Functional Emotions or Situational Contexts? A Discriminating Test from the Mythos Preview System Card
Hiranya V. Peiris

TL;DR
This paper investigates whether emotion vectors in the Mythos Preview system reflect functional emotions or broader situational contexts, impacting model alignment detection strategies.
Contribution
It proposes a discriminating test between two hypotheses about emotion vectors' nature using cross-referenced toolkits on specific episodes.
Findings
Emotion probes are flat when SAE features are active, suggesting external alignment-relevant structures.
The hypothesis determines if emotion-based monitoring can reliably detect dangerous model behavior.

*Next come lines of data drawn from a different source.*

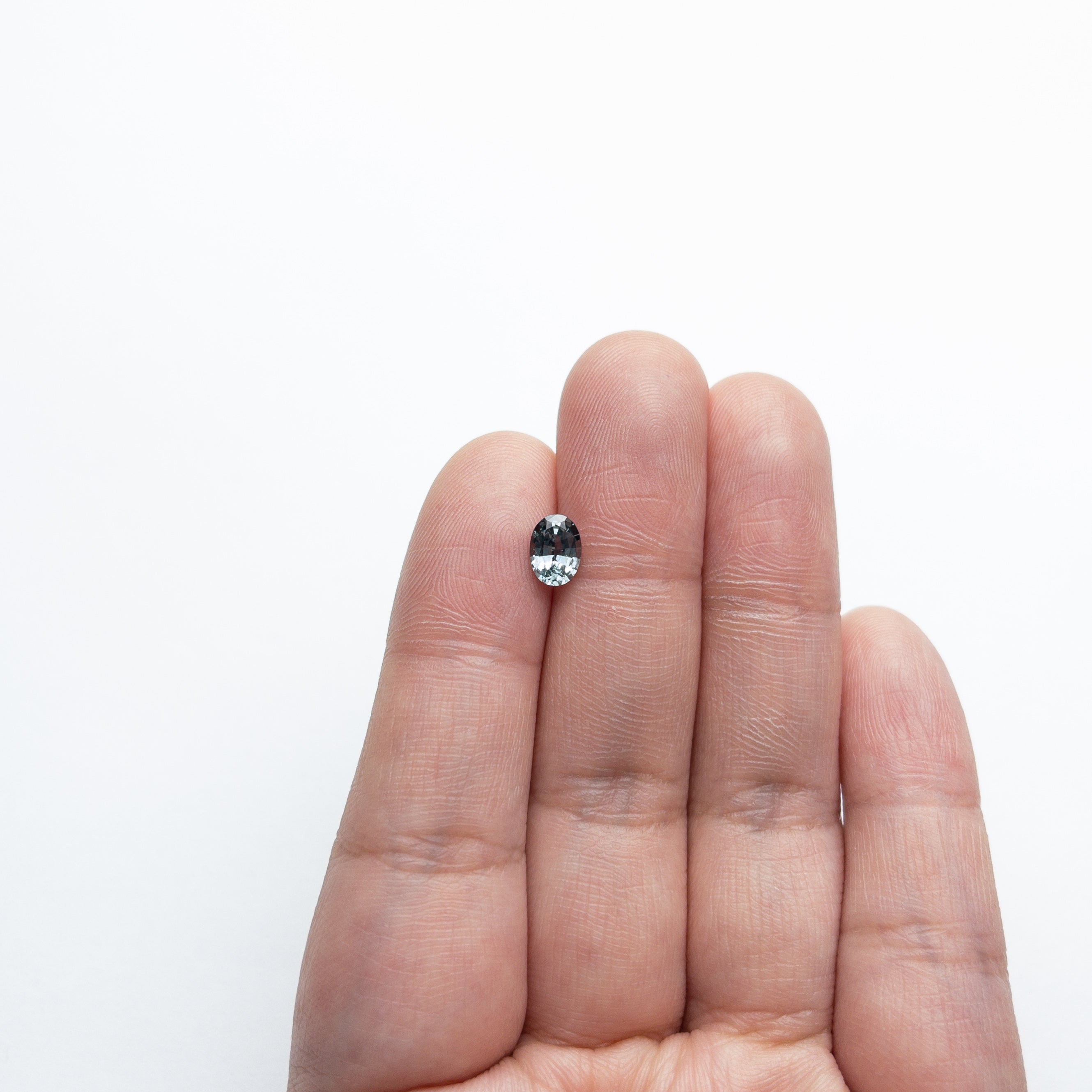 0.84ct 6.85x5.01x2.99mm Oval Brilliant Sapphire 22696-05-Staghead Designs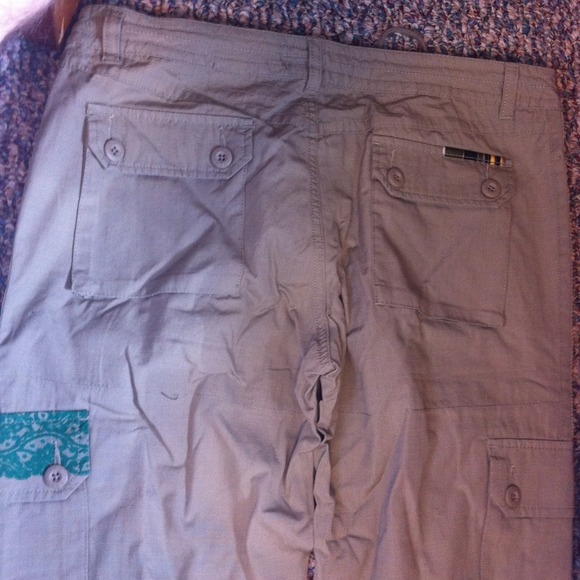 Triple five army green size 8 pants.  Nwt. - Picture 2 of 4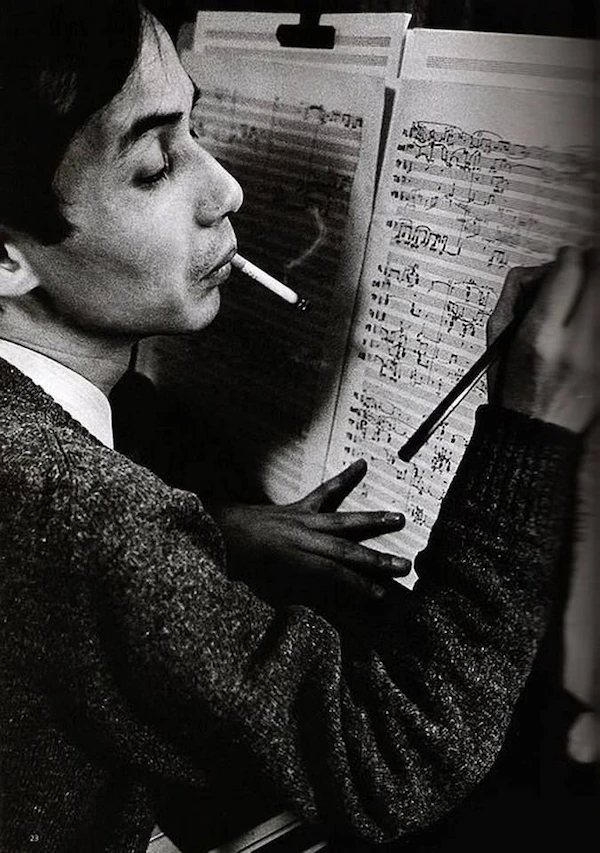 Tōru Takemitsu : la quête d&rsquo;un langage universel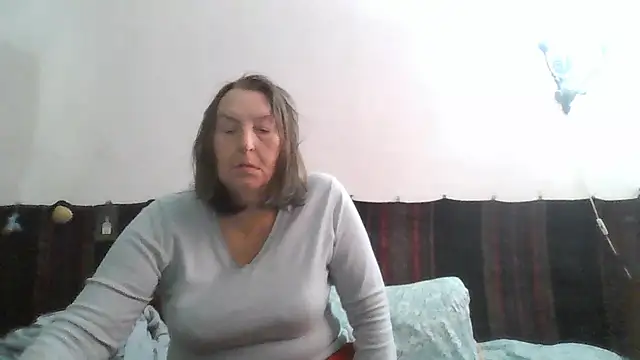 AnnaLive570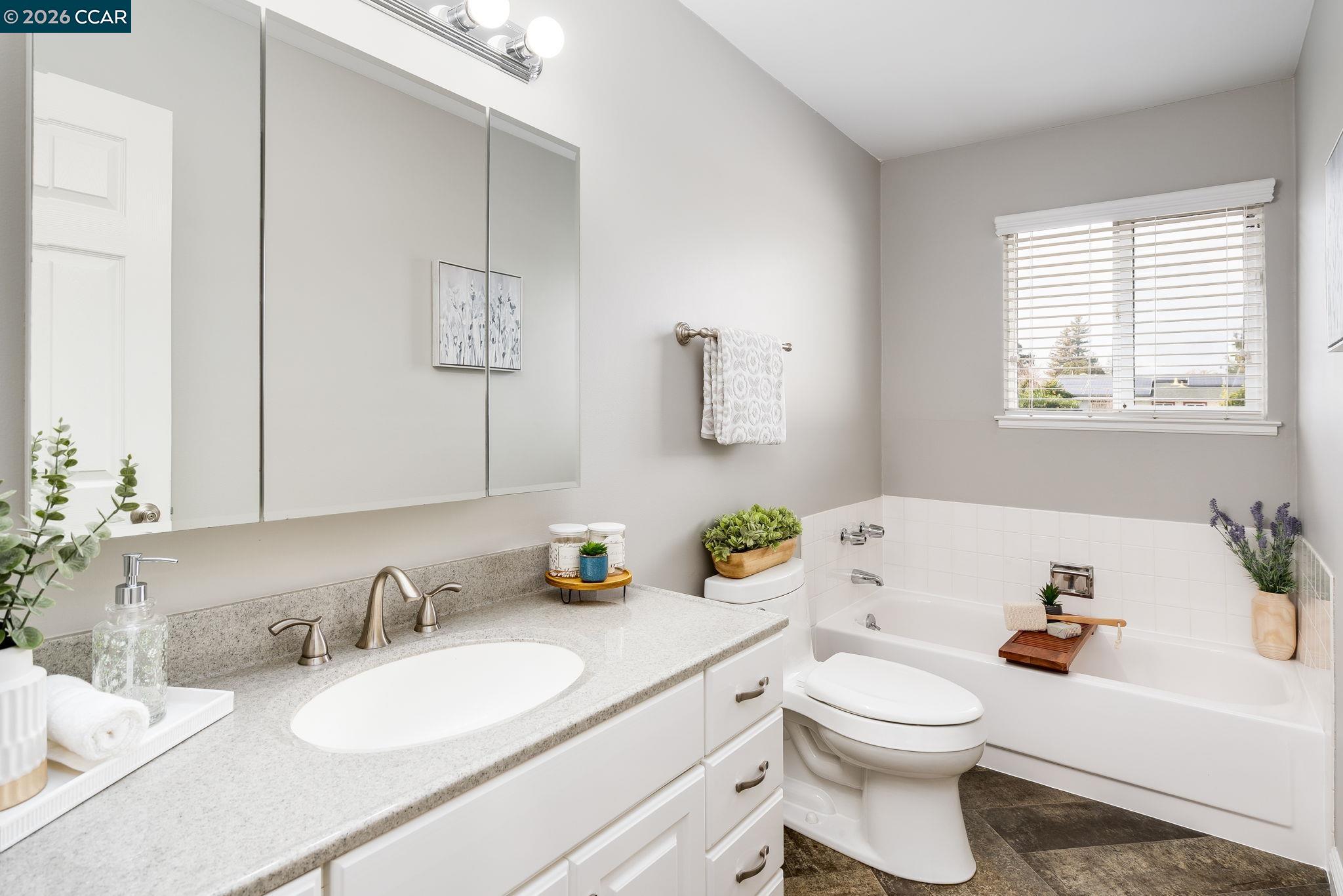 Detail Gallery Image 17 of 41 For 3916 Saint Michael Ct, Concord,  CA 94519 - 3 Beds | 2 Baths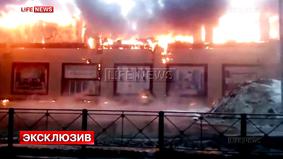 В Новосибирской области горит склад мебельного гипермаркета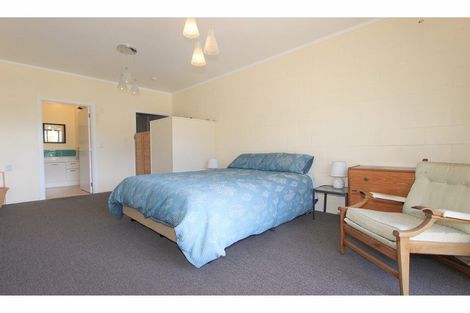 Photo of property in 27 Gravesend Place, Picton, 7220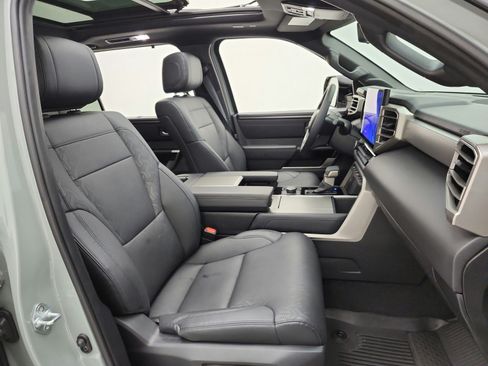 Used 2025 Toyota Sequoia Limited w/ Tow Technology Package AWD/4WD image 19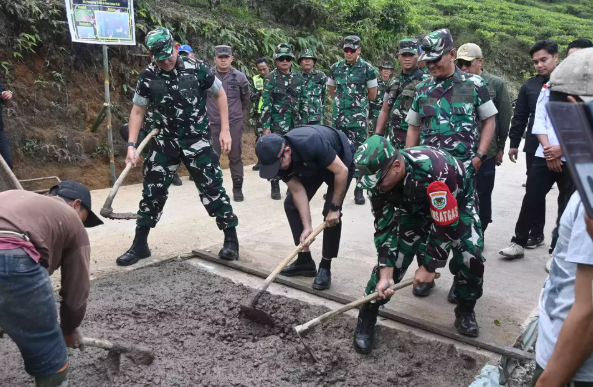 TNI Bangun Jalan Sepanjang 1,7 KM di Cianjur, Warga Desa Wangunjaya Sambut dengan Syukur 1 Screenshot 2025 10 09 134740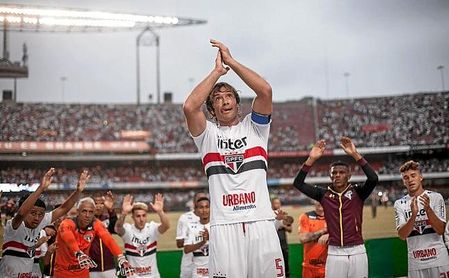 Lugano estuvo jugando hasta el pasado mes de enero, cuando se retiró. Lugano estuvo jugando hasta el pasado mes de enero, cuando se retiró.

The study clarifies the role of emotion vectors in understanding model internals and alignment.
Abstract
The Claude Mythos Preview system card deploys emotion vectors, sparse autoencoder (SAE) features, and activation verbalisers to study model internals during misaligned behaviour. The two primary toolkits are not jointly reported on the most alignment-relevant episodes. This note identifies two hypotheses that are qualitatively consistent with the published results: that the emotion vectors track functional emotions that causally drive behaviour, or that they are a projection of a richer situational-context structure onto human emotional axes. The hypotheses can be distinguished by cross-referencing the two toolkits on episodes where only one is currently reported: most directly, applying emotion probes to the strategic concealment episodes analysed only with SAE features. If emotion probes show flat activation while SAE features are strongly active, the alignment-relevant structure lies…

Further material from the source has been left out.